In fact, a careful reading shows that:
1) I am not advising to always control for main effects (precisely for the reasons he mentioned):
"I 'statistically remove' (with some
assumptions) the average effect of these factors before comparing
individual variation to ME, which makes the test more conservative (NB
whether this is OK or not it depends on the question one is asking in
her/his study)."
2) that did not suggest to rely much on P values:
"even if the P value of individual vs residual is
>> significant, I would not conclude that ME is negligible for sure. I'd
>> check that the individual Rsq is much larger than the ME".
3) I also like exploratory approaches: phenograms but also PCAs.


I really like the idea of testing that the error is uncorrelated with the factors I am studying, which for me is the most important point Philipp made (and I missed). If a study is asking a very specific question (say, taxonomic differences), that might be easier than if there are multiple factors (sex, age, allometry, covariates etc.). I'd definitely like to see examples.

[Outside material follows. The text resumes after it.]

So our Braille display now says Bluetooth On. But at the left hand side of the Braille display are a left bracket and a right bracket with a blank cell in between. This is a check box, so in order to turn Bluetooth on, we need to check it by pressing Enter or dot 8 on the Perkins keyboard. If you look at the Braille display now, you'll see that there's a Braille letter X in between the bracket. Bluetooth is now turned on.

Philipp said "If > measurement error is indeed approximately isotropic, it has a similar > magnitude for all shape features (all directions of shape space)". But can ME be isotropic after the superimposition? This, and the comment on ME biasing results, made me think about the spurious results of analyses of modularity/integration using the 'within a configuration approach' (my 2019 Evol. Biol. paper). That might be interpreted as an example where random noise (I could have simulated random digitization error) gets structured by the superimposition and sliding and this drives the spurious outcome of the test. It would be nice to demonstrate, as suggested by Philipp in general for ME, that this structured error is negligible relative to the 'true' covariance of the data. That was the argument of those dismissing the problem but I've not yet seen a demonstration in the literature except, maybe, in ad hoc examples that have no external validity. I might have missed it, however.

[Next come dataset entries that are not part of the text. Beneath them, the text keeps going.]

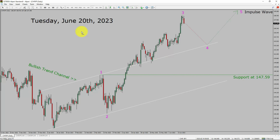Today is Tuesday, June 20th, 2023. I am going to analyze the CHF JPY currency pair. Let us start the top to bottom Elliott Wave Analysis.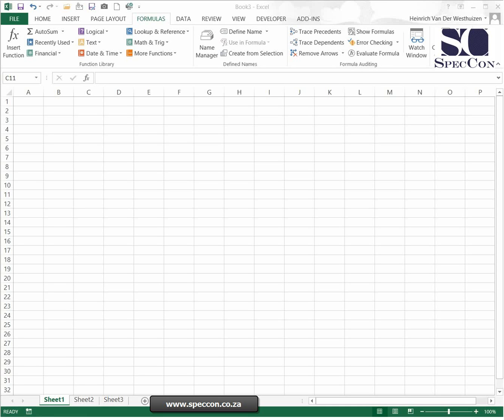In the basic course I showed you how to do basic formulas. These basic formulas we only did on one sheet. For example, we did the plus, the minus, the multiply, and the divide, but again we did it on one sheet. How do you do this on more than one sheet? There's a few ways you can do it.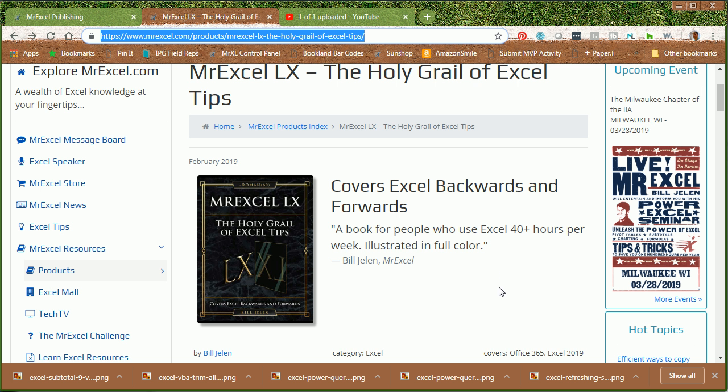The new book, MrExcel LX, that's 60, 60, that covers Excel forwards and backwards. Get it? Excel LX comes out tomorrow. Check out the link there in the YouTube, click that little I for information about this new book.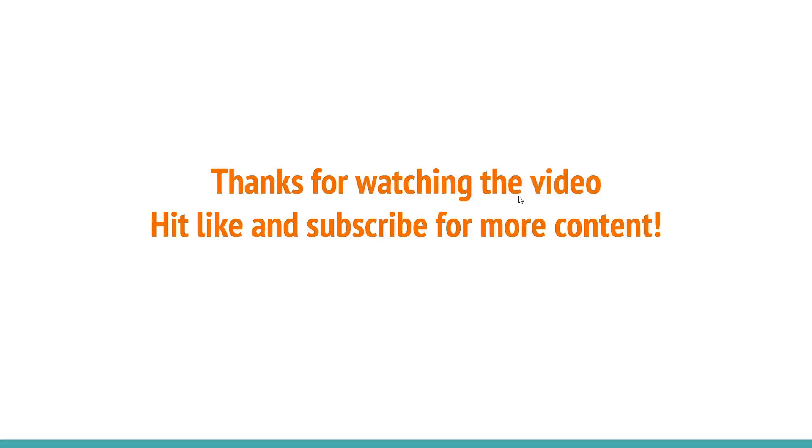Thanks for watching the video. If you like our video please hit like and subscribe and stay tuned for more content.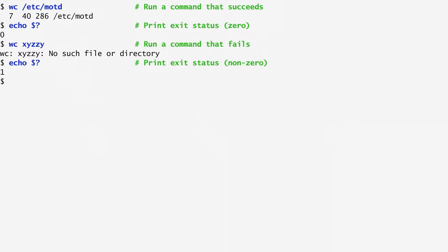Traditionally, some error codes note specific error cases. For example, 1 may imply that the file was not found, 2 that some options were specified in the wrong way, and so on.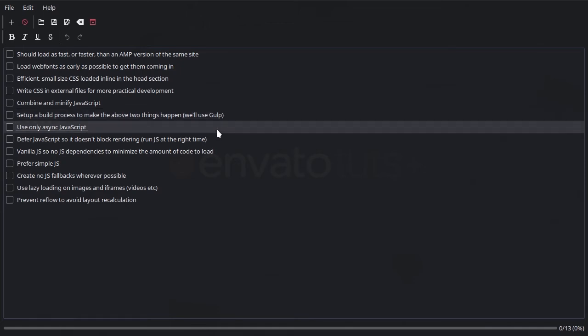Next up, when it comes to JavaScript, we're only going to be using async JavaScript, so asynchronous JavaScript. So in a nutshell, what this means is the way we're going to load our JavaScript is not going to prevent anything else in the page from loading at the same time.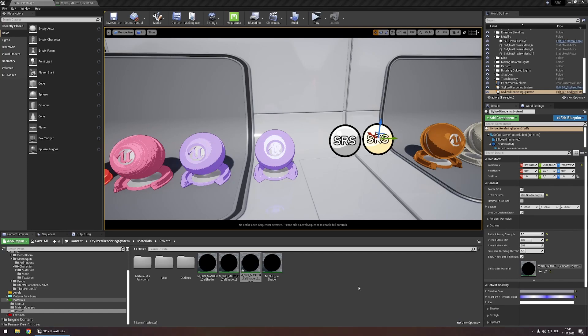In theory you could do this up to 256 times to get as many cell shading styles but the problem is that each new SRS actor will take a toll on your performance.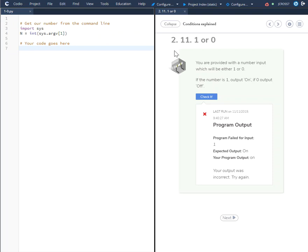In this Codio Challenge 2.11, we are provided the n variable, which will either be a 1 or a 0.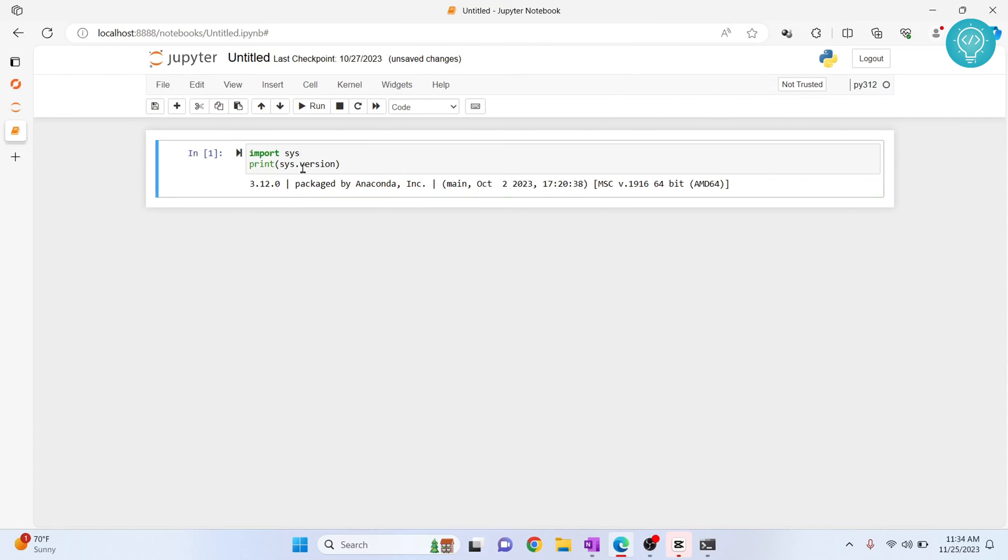Hit Ctrl+Enter again. And this time, as you can see, Python 3.12 is being used. If you have any questions, let me know in the comments below.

I am much less convinced that using only the first PCs of shape coordinates provides a justification for ME being negligible: "Hence, > group means in a PC plot are averages over all cases AND all variables, so > that random error can be expected to be small." Even assuming that I convincingly demonstrate that removing the last PCs does not remove important information and even if I am consistently using always the same set of first PCs in all analyses, I've seen more than one case where ME is the likely driver of most variation on PC1: 1) Euryon is difficult to digitize with precision on human crania. I've seen datasets where PC1 was mostly variation in its position, despite being just one point in a large configuration. 2) Similar situation with a couple of landmarks on the ventral side of the ramus in marmot mandibles, which I tried and then excluded. In this case, I know they have the largest absolute digitization error. 3) A large anthropological dataset where data collection was done in two chunks with a few years gap between the first and second one: PC1 clearly separated the two chunks of data, which I suspect was due to a small but consistent systematic error (either the instrument or the operator digitizing the landmarks in a slightly but consistently different position).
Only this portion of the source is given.